Het brede vrijheidsideaal van Rutger Claassen

In zijn nieuwe boek 'Het huis van de vrijheid' bepleit politiek filosoof Rutger Claassen onder meer een andere kijk op vrijheid. Vrijheid is dan niet meer een individualistisch begrip, maar krijgt een behuizing in de politieke gemeenschap van mensen.

Voor veel Nederlanders is ‘vrijheid’ zo vanzelfsprekend, dat we soms vergeten dat ze een verworvenheid is, dat ze moet worden onderhouden. Het huis van de vrijheid  poogt groot onderhoud te plegen, en de actuele politiek in Nederland vanuit het vrijheidsideaal te analyseren. Tijdens het schrijven werd ik gedreven door twee missies. Ik wil beide hier kort toelichten.

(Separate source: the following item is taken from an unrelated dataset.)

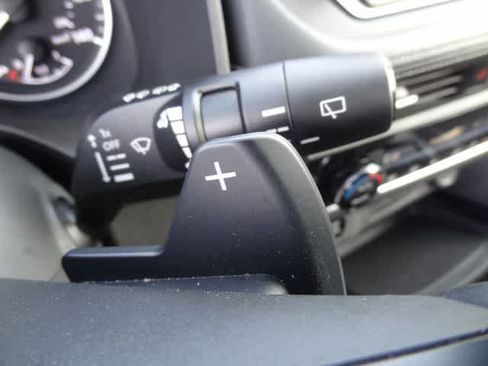 Used 2025 Nissan Rogue SV AWD/4WD image 21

Missie 1: Andere kijk op vrijheid

Vrijheid als onbegrensde vrijheid
Van verschillende kanten horen we dat ‘de vrijheid is doorgeslagen’. ‘Meer vrijheid’ zou ons niet helpen, integendeel, de individuele vrijheid is zelf het probleem geworden. ‘Andere waarden’ moeten tegenwicht bieden. Zo zou de individuele vrijheid moeten worden ingeperkt ten behoeve van meer veiligheid bijvoorbeeld, of meer gelijkheid of meer duurzaamheid.

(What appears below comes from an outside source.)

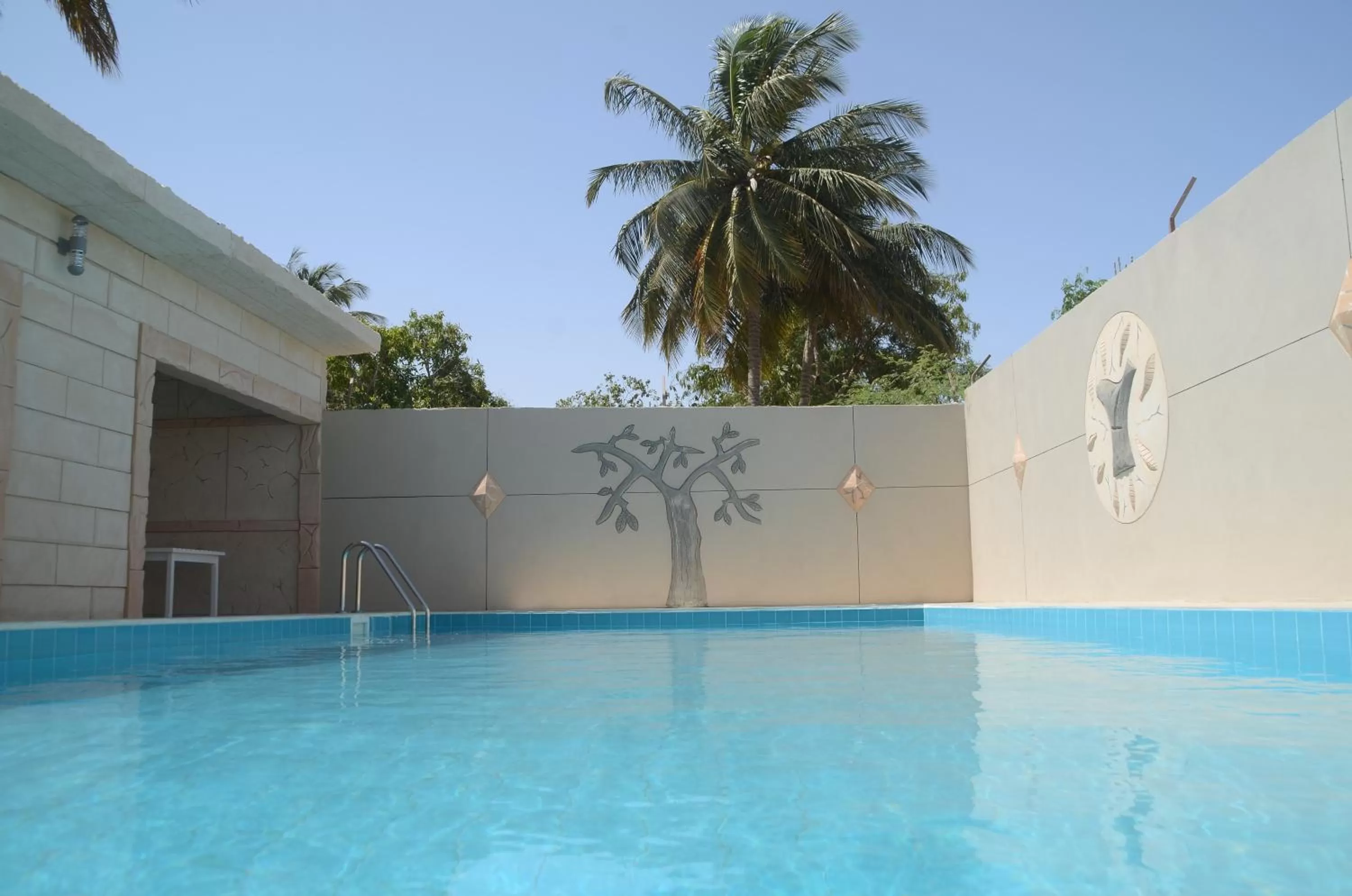 Swimming Pool in Hotel La Perle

Hiertegenover verdedigen vrijzinnige partijen de individuele vrijheid. Zij roepen dat de overheid veel te bemoeizuchtig dreigt te worden. De staat doet, als hij die andere waarden omarmt, de individuele vrijheid teniet.

Gek genoeg delen beide kampen het basisschema van een botsing tussen individuele vrijheid en andere, vaak meer collectieve waarden. De een wil de onbegrensde vrijheid verdedigen, de ander wil haar inperken, maar allebei gaan ze uit van hetzelfde stramien, dat van de
onbegrensde vrijheid.

Vrijheid is altijd begrensd
Mijn eerste missie is de zaak vanuit een ander perspectief te bekijken. Er is een mooie passage in de roman Vrijheid van de Amerikaanse schrijver Jonathan Franzen. Daarin beschrijft Franzen het leven van Einar, een migrant uit Zweden: Hij werd een schoolvoorbeeld van het Amerikaanse experiment in persoonlijke autonomie (…). Voor Einar was Amerika het land van de on-Zweedse vrijheid, het oord van de onbegrensde mogelijkheden waar iemand zich nog een uitverkoren zoon kon wanen. Maar niets doet zozeer afbreuk aan het gevoel uitverkoren te zijn als de nabijheid van anderen die zich óók uitverkoren voelen. (…)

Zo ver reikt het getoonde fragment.